Puisi ini bercerita tentang seorang tokoh yang merasakan kehilangan atau jarak emosional dari kekasihnya. Dalam pencariannya, ia dihadapkan pada kesunyian batin yang membuat hatinya tergantung “di awang-awang” dan dadanya dipenuhi rasa gelap yang tak menentu. Meski begitu, bayangan pertemuan dengan sang kekasih tetap menjadi harapan yang menghidupkan kembali semangatnya.
Makna tersirat
Makna tersirat dari puisi ini adalah bahwa cinta adalah elemen vital dalam kehidupan manusia. Tanpa asmara, hidup menjadi hambar, sepi, dan tanpa tujuan. Selain itu, karya ini menyiratkan bahwa kerinduan dapat menjadi beban emosional yang menyiksa, namun sekaligus menjadi sumber kekuatan untuk terus berharap dan berjuang.
Suasana dalam puisi
Suasana yang tercipta dalam puisi ini adalah melankolis dan penuh kerinduan. Dari awal hingga akhir, pembaca dibawa ke dalam perasaan sunyi, rindu, dan harapan yang samar, seperti seseorang yang berada di antara kenyataan dan mimpi.
Amanat / pesan yang disampaikan puisi
Amanat yang dapat diambil adalah bahwa cinta memberi makna dan tujuan hidup. Ia bukan hanya sekadar rasa, tetapi juga pengikat yang menyatukan jiwa dan menghidupkan kembali semangat. Kehilangan cinta dapat membuat hidup terasa hampa, namun keberadaannya mampu mengubah segalanya menjadi berarti.
Imaji
Puisi ini mengandung imaji perasaan yang kuat, seperti:
- “Sunyi senyap sukma loka” yang memunculkan gambaran batin yang kosong dan hening.

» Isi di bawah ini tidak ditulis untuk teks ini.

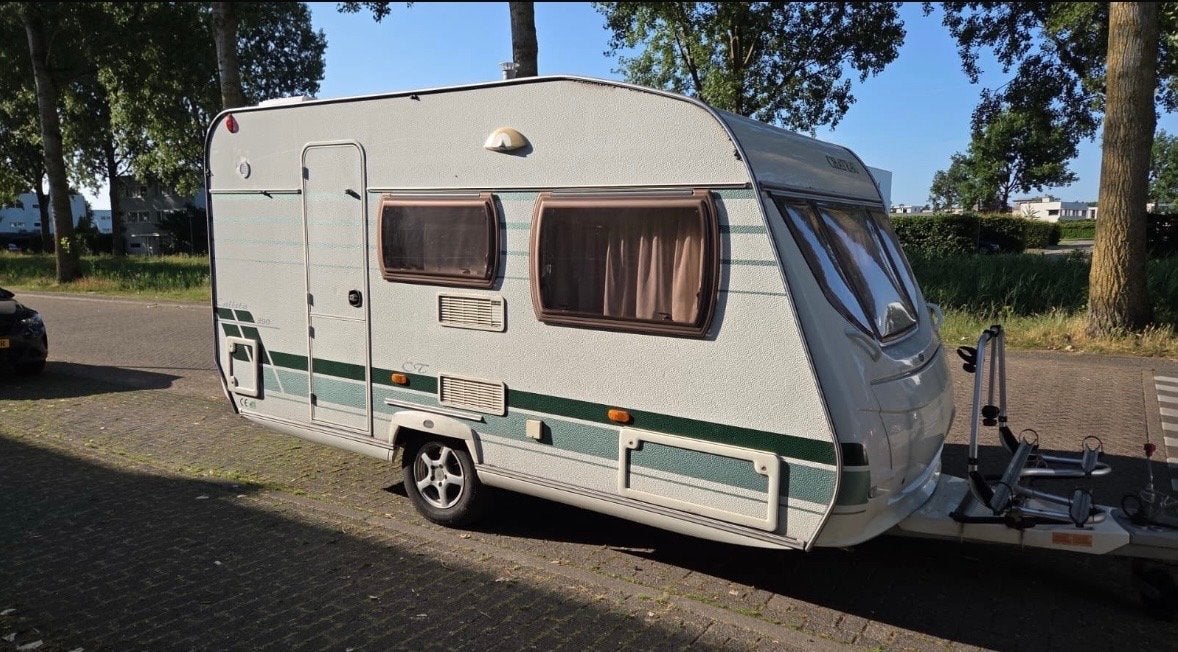 Chateau Calista 390 403c uit 2005 + airco, Airco, Treinzit, 750 - 1000 kg, Particulier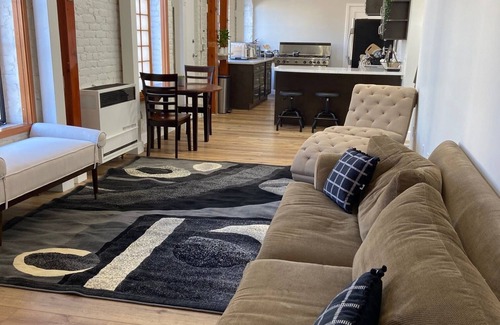 Pico-Union Casa | Chic Downtown LA Live adjacent Private room & Bath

- “Rasa tergantung d’awang-awang” yang membangkitkan kesan rindu yang tak tersampaikan.
- “Ambar kasturi mengukupi nyawa” yang memberikan kesan aroma wangi memenuhi kehidupan, melambangkan kebahagiaan yang datang dari cinta.
Majas
Rustam Effendi menggunakan beberapa majas dalam puisi ini, antara lain:
- Majas metafora, misalnya “Gelap gaib di dalam dada” yang melambangkan kesedihan dan kebingungan hati.
- Majas personifikasi, misalnya “Sayu kalbu tersirap-sirap” yang menggambarkan hati seolah memiliki emosi manusia yang bergetar hebat.
- Majas hiperbola, seperti “Nyaman badan bukan kepalang” yang melebih-lebihkan rasa bahagia karena cinta.